Structure & Reactivity

AT.  Historical Overview of the Atom

AT5.  The Aufbau Process

    The quantum mechanical model lets us take an atom and make predictions about its properties.  All we need to know is how many protons it has (and how many electrons, which is the same as the number of protons for a neutral atom).  We can predict the properties of the atom based on our vague idea of where its electrons are and, more importantly, the energy of those electrons.

    How electrons fill in their positions around an atom is called the Aufbau Process (German: "building-up" process).  The Aufbau Process is all about keeping electrons at their lowest possible energy.

    A corollary of Coulomb's law is that the energy of an electron is affected by attractive and repulsive forces.  The closer an electron to the nucleus, the lower its energy.  The closer an electron is to another electron, the higher its energy. 

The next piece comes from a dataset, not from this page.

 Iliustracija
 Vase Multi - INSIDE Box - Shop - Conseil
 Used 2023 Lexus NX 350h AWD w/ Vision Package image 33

    Of course, a basic principle of thermodynamics is that a system will proceed to the lowest energy possible.  That means, if an atom has only one electron, the electron will have quantum numbers that place it at the lowest possible energy.  It will be as close as possible to the positive nucleus.

 

    If an atom has a second electron, it will also be as close as possible to the nucleus.  It could have the same quantum numbers as the first electron, except for spin.  There is a trade-off, of course, because those two electrons will be close enough to repel each other.  However, if it is a choice between that and taking a position much farther from the nucleus, the second electron will go ahead and pair up.  These two electrons are sometimes described as being "in the same orbital"; their first three quantum numbers are the same, so that are probably found somewhere in the same region of space.  This first orbital, which has no directional restrictions, is called the 1s orbital.

A pixelated circle of yellow dots with a black dot at the centre.

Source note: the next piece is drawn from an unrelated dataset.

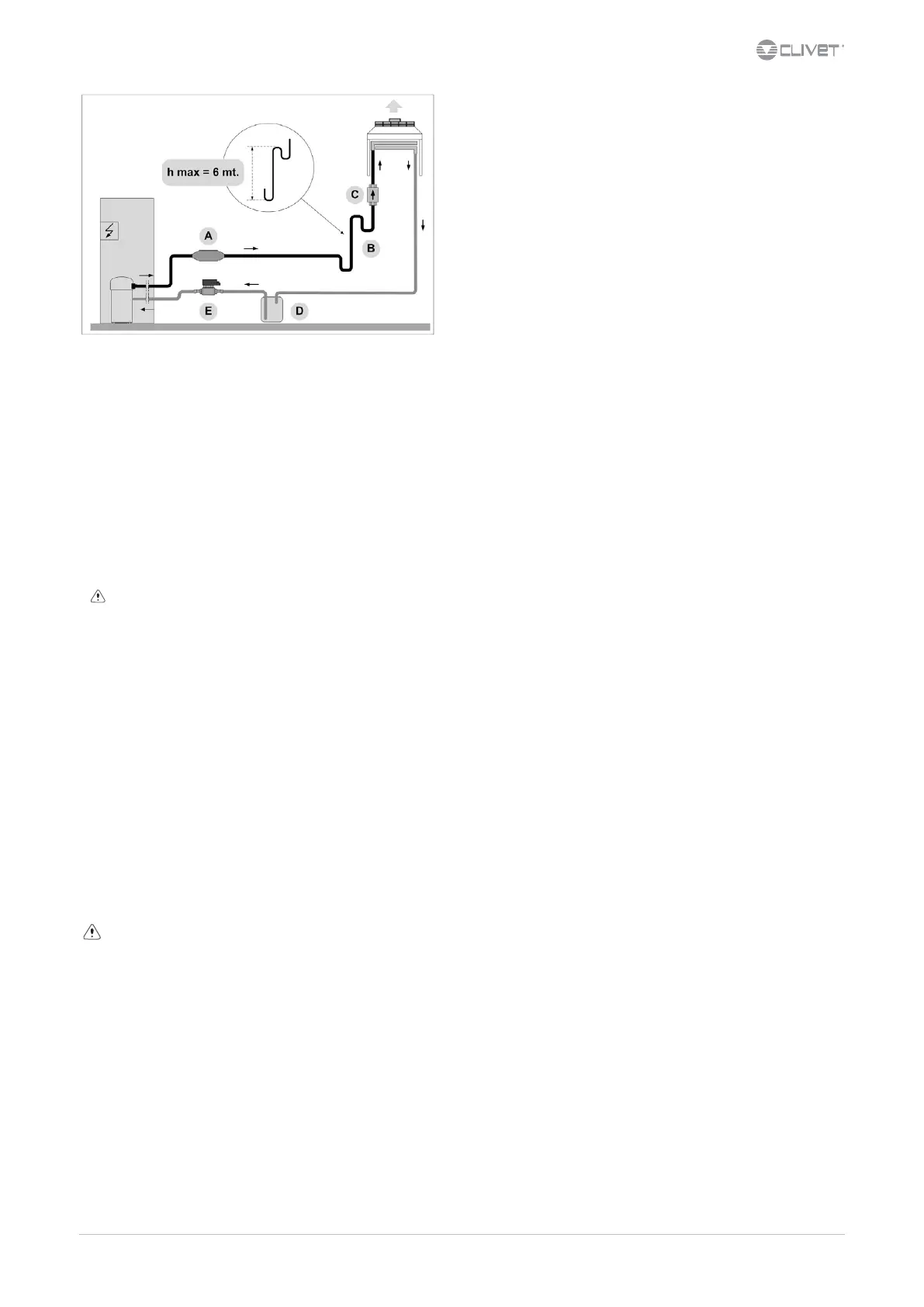 Page #13 background image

Figure AT5.1.  A 1s electron can be found in any direction from the nucleus.

 

    There is only room for one orbital at this distance from the nucleus.  A third electron has to occupy another orbital farther away, the 2s orbital.  Again, this is a spherical orbital: the electron can be found in any direction.  The 2 in 2s means the principle quantum number is two (corresponding to the second general energy level).  We sometimes describe this level as being in the second shell, harking back to the Bohr model of the atom.  The s in the label "2s" is a code for another quantum number denoting spatial distribution; it means the electron can be found in any direction around the nucleus, just like the 1s electrons.

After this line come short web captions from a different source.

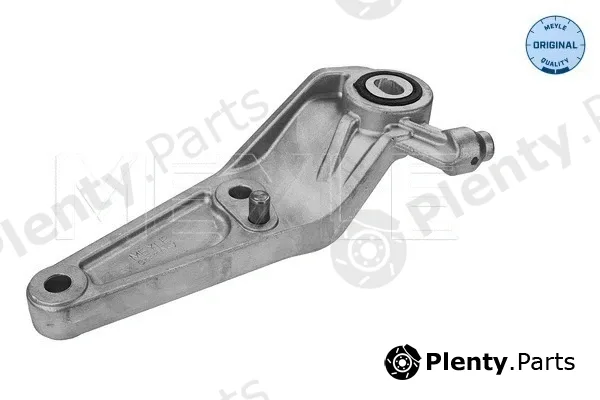 Meyle 6140300072 — Mounting, engine MEYLE-ORIGINAL: True to OE.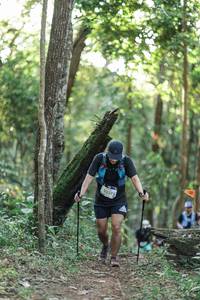 BIB: 3337
                            <button type="button" onclick="openModal(22559541)" class="btn btn-primary btn-sm float-right btn-popup" data-toggle="modal" data-target=".modal-high-quality">
                        <i class="fas fa-shopping-cart"></i> Add to Cart
                    </button>
                                            <button type="button" onclick="isThisMe(22559541, true)" class="btn btn-success btn-sm float-right btn-popup btn-isme hidden" data-toggle="tooltip" data-placement="bottom" title="นี่คือรูปของคุณใช่ไหม คลิกที่นี่เพื่อเอาเข้าอัลบั้ม">
                        <i class="fas fa-plus"></i> Add to album
                    </button>
                    <button type="button" onclick="isThisMe(22559541, false)" class="btn btn-warning btn-sm float-right btn-popup btn-isnotme hidden">
                        <i class="fas fa-ban"></i> Remove from album
                    </button>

A diagram that looks something like a graph. The y axis is labeled energy. No x axis is shown. A short, horizontal line sits in space about a quarter of the way up from the bottom. It is labeled 1s. Another short, horizontal line sits in space about three quarters of the way up from the bottom. It is labeled 2s. A set of three short, horizontal lines sits in space about a four-fifths of the way up from the bottom. They are labeled 2p. A note on the right indicates 1s corresponds to the first shell and is closer to the nucleus. Another note on the right indicates that the higher levels correspond to the second shell and are farther from the nucleus.

Figure AT5.2.  The energy levels of the first and second shell.

 

   The second energy level is large enough to accommodate additional orbitals, but they are a little farther from the nucleus.  These are called the 2p orbitals.  They are regions of space along the x, y and z axes.  There are three orbitals of this type, and they are just called px, py and pz to remind us that they are orthogonal to each other.  We sometimes refer to the 2s and 2p energy levels as two different sub-shells within the 2nd shell.  Sub-shells are found at slightly different energies from each other, but the energy difference is smaller than the difference from one shell to the next.

A cartoon showing a pair of teardrop shapes linked at the pointed ends and lying on a horizontal line with the rounded ends poited away from each other.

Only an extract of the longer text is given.